Hyperaemia di dalam inflamasi berhubungan dengan perubahan mikrovaskular, yang
disebut Lewis’ triple response – berupa “a FLUSH, a FLARE and a WEAL”. The FLUSH
ditandai dengan garis putih (dikarenakan adanya vasokonstriksi). The FLUSH merupakan
garis merah (dikarenakan dilatasi kapiler). The FLARE merupakan daerah dengan warna
merah yang lebih terang di sekitarnya (dikarenakan dilatasi arteri). 1
2. Exudating
Selanjutnya, terjadi peningkatan permeabilitas endotel disertai keluarnya protein plasma
dan sel-sel leukosit ke daerah extravaskular yang disebut eksudasi. Hal ini menyebabkan sel
darah merah dalam darah terkonsentrasi, viskositas >>, sirkulasi <<, terutama pada pembuluh
darah-pembuluh darah kecil yang sisebut stasis.

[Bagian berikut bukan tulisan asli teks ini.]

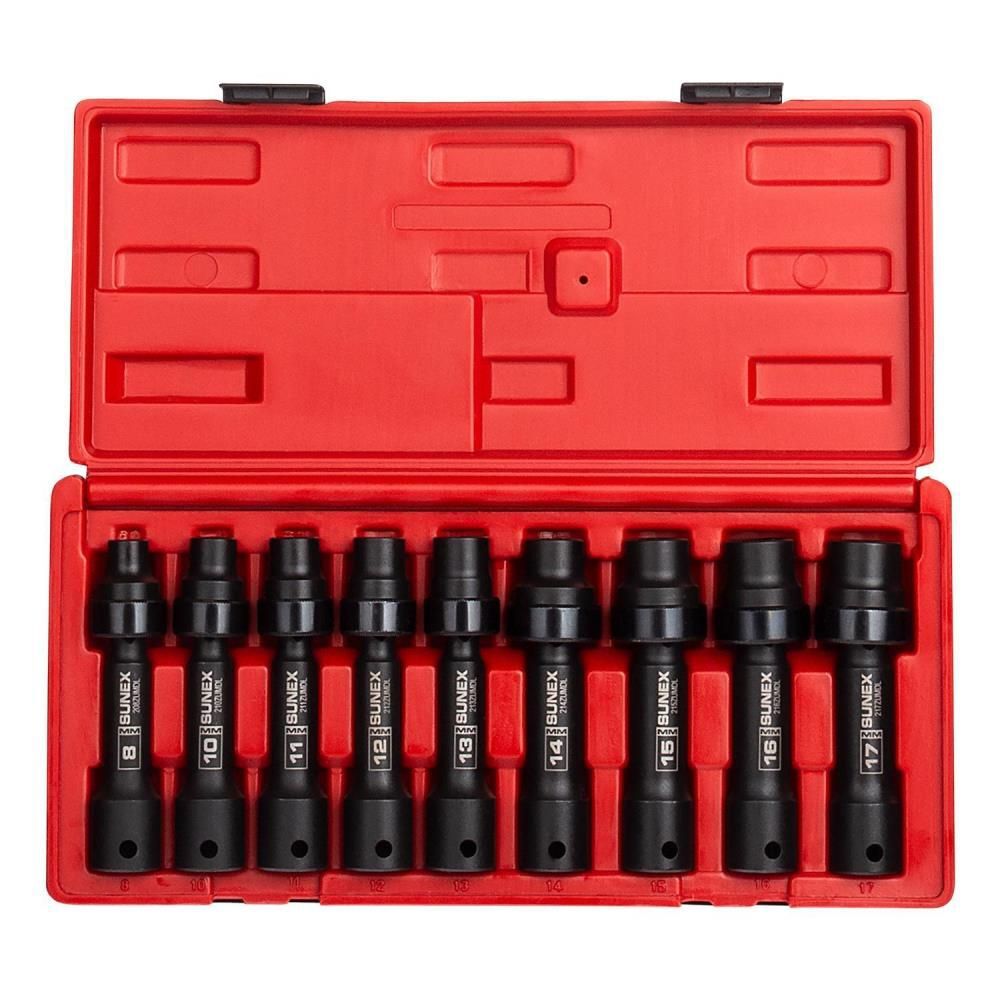 Sunex Socket Set 1/2in Drive Metric Impact Socket Set 9pc, large image number 1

Pada ujung arteriol kapiler, tekanan hidrostatik yang tinggi mendesak cairan keluar ke
dalam ruang jaringan interstisial dengan cara ultrafiltrasi. Hal ini berakibat meningkatnya
konsentrasi protein plasma dan menyebabkan tekanan osmotik koloid bertambah besar,
dengan menarik kembali cairan pada pangkal kapiler venula. Pertukaran normal tersebut akan
menyisakan sedikit cairan dalam jaringan interstisial yang mengalir dari ruang jaringan
melalui saluran limfatik. Umumnya, dinding kapiler dapat dilalui air, garam, dan larutan
sampai berat jenis 10.000 dalton
Eksudat adalah cairan radang ekstravaskuler dengan berat jenis tinggi (di atas 1.020) dan
seringkali mengandung protein 2-4 mg% serta sel-sel darah putih yang melakukan emigrasi.
Cairan ini tertimbun sebagai akibat peningkatan permeabilitas vaskuler (yang memungkinkan
protein plasma dengan molekul besar dapat terlepas), bertambahnya tekanan hidrostatik
intravaskular sebagai akibat aliran darah lokal yang meningkat pula dan serentetan peristiwa
rumit leukosit yang menyebabkan emigrasinya
Mekanisme :
1. Protein passage
membentuk formasi bercelah untuk meningkatkan permeabilitas antar endothelial.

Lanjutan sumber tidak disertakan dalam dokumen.